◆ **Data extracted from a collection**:
____

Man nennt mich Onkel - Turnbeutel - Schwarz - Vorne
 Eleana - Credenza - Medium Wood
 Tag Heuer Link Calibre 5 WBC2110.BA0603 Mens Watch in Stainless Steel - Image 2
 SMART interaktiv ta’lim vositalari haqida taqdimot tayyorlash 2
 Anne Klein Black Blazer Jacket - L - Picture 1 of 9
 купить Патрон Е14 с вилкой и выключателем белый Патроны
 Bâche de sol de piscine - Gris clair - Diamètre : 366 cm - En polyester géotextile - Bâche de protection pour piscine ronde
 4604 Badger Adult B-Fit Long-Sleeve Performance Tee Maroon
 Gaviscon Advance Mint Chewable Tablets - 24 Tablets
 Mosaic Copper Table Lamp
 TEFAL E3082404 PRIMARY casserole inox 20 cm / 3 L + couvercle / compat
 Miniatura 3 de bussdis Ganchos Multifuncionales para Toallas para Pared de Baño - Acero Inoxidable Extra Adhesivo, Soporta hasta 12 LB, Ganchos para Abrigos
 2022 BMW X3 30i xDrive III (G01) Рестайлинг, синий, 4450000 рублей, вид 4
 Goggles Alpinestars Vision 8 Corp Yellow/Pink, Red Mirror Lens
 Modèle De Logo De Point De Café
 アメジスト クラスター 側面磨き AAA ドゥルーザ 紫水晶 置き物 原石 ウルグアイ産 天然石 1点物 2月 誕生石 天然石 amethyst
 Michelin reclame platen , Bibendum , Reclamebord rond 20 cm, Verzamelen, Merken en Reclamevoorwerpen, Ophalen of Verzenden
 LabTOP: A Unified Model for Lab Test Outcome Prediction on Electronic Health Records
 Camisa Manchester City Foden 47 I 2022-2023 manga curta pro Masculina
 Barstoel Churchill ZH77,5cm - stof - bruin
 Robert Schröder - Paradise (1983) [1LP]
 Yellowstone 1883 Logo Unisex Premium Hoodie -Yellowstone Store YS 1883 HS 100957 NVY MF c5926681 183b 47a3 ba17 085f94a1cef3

____

◆ **Exercise**: Would you return all of the data exactly as given?

◆ **Finished exercise**:
Man nennt mich Onkel - Turnbeutel - Schwarz - Vorne
 Eleana - Credenza - Medium Wood
 Tag Heuer Link Calibre 5 WBC2110.BA0603 Mens Watch in Stainless Steel - Image 2
 SMART interaktiv ta’lim vositalari haqida taqdimot tayyorlash 2
 Anne Klein Black Blazer Jacket - L - Picture 1 of 9
 купить Патрон Е14 с вилкой и выключателем белый Патроны
 Bâche de sol de piscine - Gris clair - Diamètre : 366 cm - En polyester géotextile - Bâche de protection pour piscine ronde
 4604 Badger Adult B-Fit Long-Sleeve Performance Tee Maroon
 Gaviscon Advance Mint Chewable Tablets - 24 Tablets
 Mosaic Copper Table Lamp
 TEFAL E3082404 PRIMARY casserole inox 20 cm / 3 L + couvercle / compat
 Miniatura 3 de bussdis Ganchos Multifuncionales para Toallas para Pared de Baño - Acero Inoxidable Extra Adhesivo, Soporta hasta 12 LB, Ganchos para Abrigos
 2022 BMW X3 30i xDrive III (G01) Рестайлинг, синий, 4450000 рублей, вид 4
 Goggles Alpinestars Vision 8 Corp Yellow/Pink, Red Mirror Lens
 Modèle De Logo De Point De Café
 アメジスト クラスター 側面磨き AAA ドゥルーザ 紫水晶 置き物 原石 ウルグアイ産 天然石 1点物 2月 誕生石 天然石 amethyst
 Michelin reclame platen , Bibendum , Reclamebord rond 20 cm, Verzamelen, Merken en Reclamevoorwerpen, Ophalen of Verzenden
 LabTOP: A Unified Model for Lab Test Outcome Prediction on Electronic Health Records
 Camisa Manchester City Foden 47 I 2022-2023 manga curta pro Masculina
 Barstoel Churchill ZH77,5cm - stof - bruin
 Robert Schröder - Paradise (1983) [1LP]
 Yellowstone 1883 Logo Unisex Premium Hoodie -Yellowstone Store YS 1883 HS 100957 NVY MF c5926681 183b 47a3 ba17 085f94a1cef3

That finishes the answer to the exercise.